The visuals come in the form of a map build using Leaflet.JS. I have had a fair amount of
experience with this form using it with the R package but not much with coding it by hand.
So it was a bit of a learning experience.
When users enter an address and it is matched with the Census bureau geocoding address file.
The lambda functions were updated to extract the GPS coordinates from that reply and serve
them with the response.
Similarly the data that was loaded into the DynamoDB table was extended to include census
block groups (eligibility areas) in the form of JSON objects. Though finding what format to
convert them to how to load them into the DB was a cause of several headaches.
In the end along with location pins outlines of eligibility areas and any areas used in
calculation eligibility are displayed to users when an address match is found.
Peeling away abstraction can feel like you are relearning something that you already know but also have never seen before.

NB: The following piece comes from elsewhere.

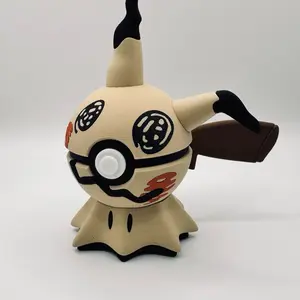 Mimikyu-Inspired 3D Printed Poke Ball Pre Built Collectible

Cannot use bulk import from S3
Typically to load the database I had been adding a nationwide CSV to S3 and running a bulk import job. This method lowers cost and was fairly simple to implement by having my code generate a CSV of each eligibility area and important details. However the JSON formatting for adding geometry was not well received by the AWS file parser. The result was building an iterative record uploader in python with the SDK
Size matters
In DynamoDB there is a limit on record size. You can store up to 400kb in a "row" or partition. When I was simply storing indexes and a few columns of numeric data this was not an issue. However, the USDA dataset uses high resolution block group shapes that can quickly fill the 400kb limit, especially when storing multiple polygons per record (in the case of calculated eligibility). This required dropping some shapes down to lower resolution models specifically made for map displays.
CloudFront Cache
As with all content delivery networks when you make updates to your webpage it can take time to propagate out to the edge network. Cloudfront does kindly add an option to invalidate cache objects that can be set with filters. But this also taught me it is helpful to incorporate a version tag as a comment in your static pages. If you are not changing visuals and simply updating things like the Javascript embedded in the page, the version number can help you identify if you are being served the latest version for testing.
Retrospective
This took a little time to figure out. There was a lot of scratching my head as I got vague errors about ingestion failures. There was a lot of reading documentation on supported file types and subsequent data types. I still believe it should be possible to upload the data in a DynamoJSON or AmazonIon file, I just did not have success in converting my data to those formats and getting them to upload to a table.
The size limit was also something I had not expected to become an issue. However in many states where there are block groups that cover large areas die to low population, the resolution of the shapes used for analysis can overwhelm the size limits. I had considered changing the storage method for the geometry, but I was hoping to avoid major adjustment to architecture.
If there is ever a need specifically to store and serve high resolution files it might be best to reference to other DB entries and pay for the additional read units. Otherwise it may be beneficial to use the lambda functions to generate signed URLs that would allow the JS to pull JSON files from S3 or else read them in lambda and push the JSON as a string back to the javascript.
Perhaps the next version of this will lead to some architectural changes.